-------- Extracted records

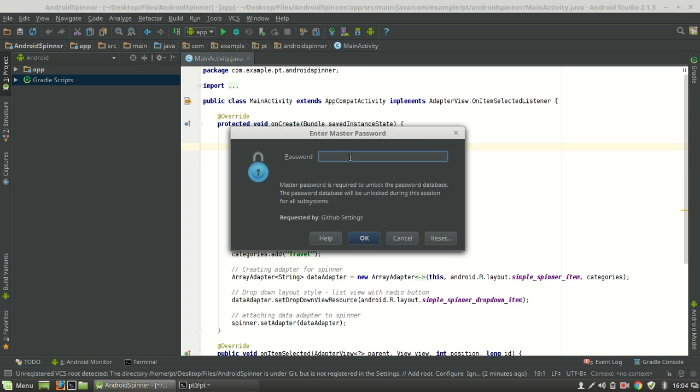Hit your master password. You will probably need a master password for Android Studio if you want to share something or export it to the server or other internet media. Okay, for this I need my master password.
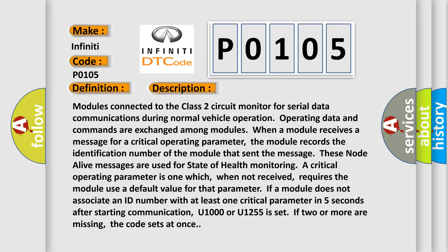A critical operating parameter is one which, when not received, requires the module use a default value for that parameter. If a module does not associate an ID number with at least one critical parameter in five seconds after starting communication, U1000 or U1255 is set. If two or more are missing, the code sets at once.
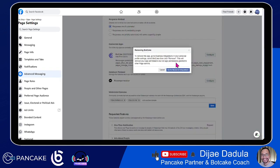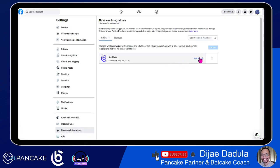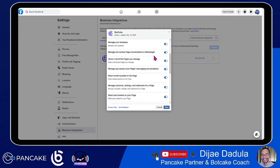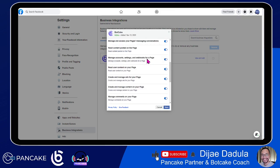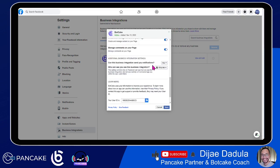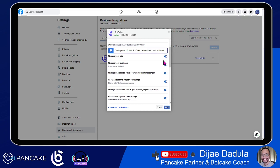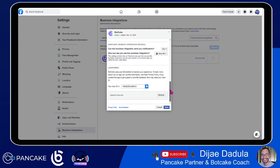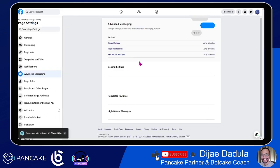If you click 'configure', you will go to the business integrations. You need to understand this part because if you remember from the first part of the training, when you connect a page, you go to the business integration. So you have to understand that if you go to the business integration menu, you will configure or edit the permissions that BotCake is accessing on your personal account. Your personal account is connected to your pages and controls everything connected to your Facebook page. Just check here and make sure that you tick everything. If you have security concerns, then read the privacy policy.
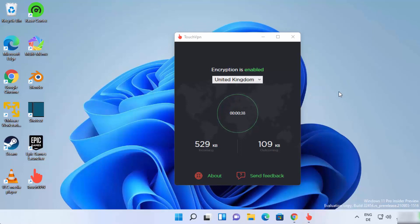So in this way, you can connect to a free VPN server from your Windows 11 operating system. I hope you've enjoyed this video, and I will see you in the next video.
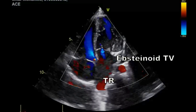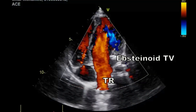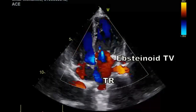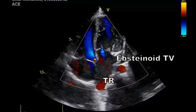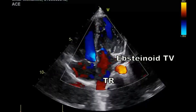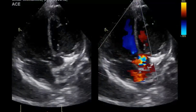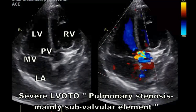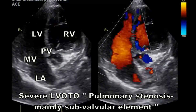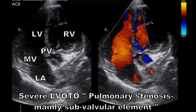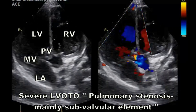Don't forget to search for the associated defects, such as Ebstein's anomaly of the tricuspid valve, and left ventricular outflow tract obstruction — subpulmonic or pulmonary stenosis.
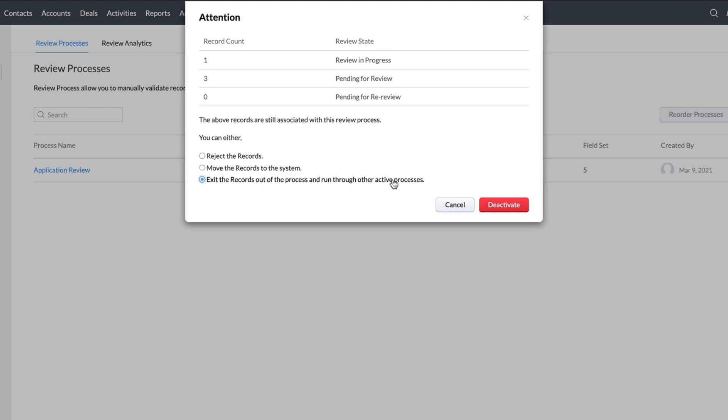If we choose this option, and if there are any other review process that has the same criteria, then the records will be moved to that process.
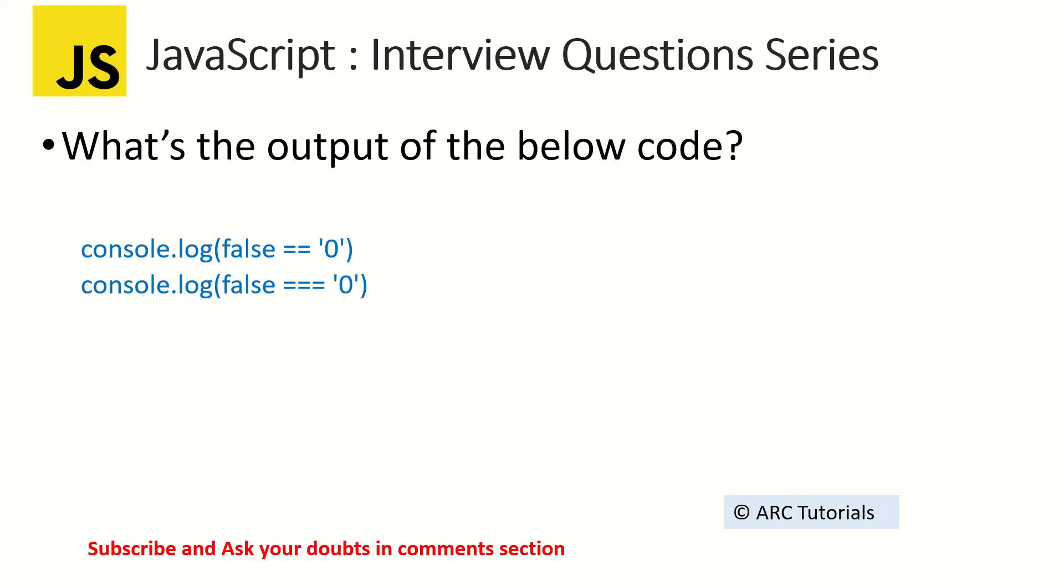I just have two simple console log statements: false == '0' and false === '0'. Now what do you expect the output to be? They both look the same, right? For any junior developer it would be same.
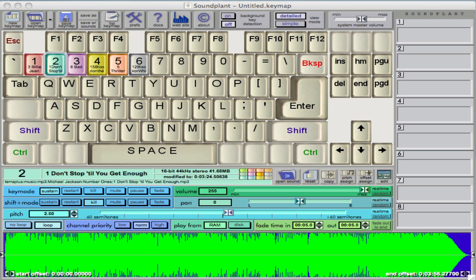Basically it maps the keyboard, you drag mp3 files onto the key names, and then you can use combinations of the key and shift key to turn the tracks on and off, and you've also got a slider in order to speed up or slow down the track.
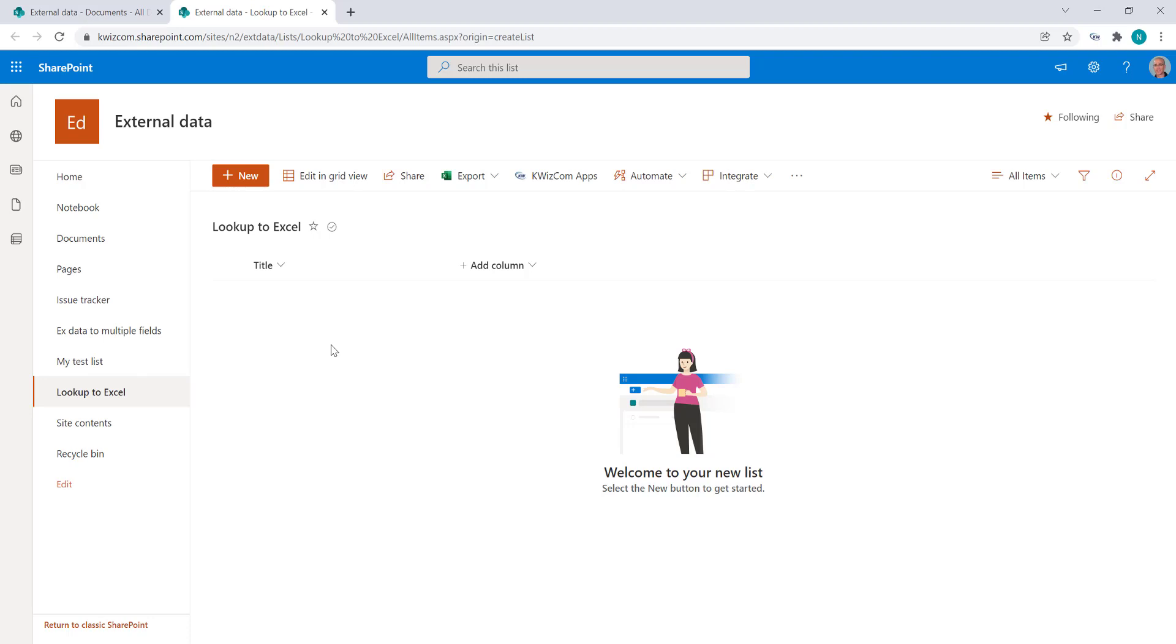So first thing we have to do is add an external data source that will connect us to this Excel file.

----------------

_Required work_. Final stretch of the data: repeat exactly each line from the one containing "Basically it maps" through the last, and omit all pictures.

_Output of the task_.
Basically it maps the keyboard, you drag mp3 files onto the key names, and then you can use combinations of the key and shift key to turn the tracks on and off, and you've also got a slider in order to speed up or slow down the track.
So first thing we have to do is add an external data source that will connect us to this Excel file.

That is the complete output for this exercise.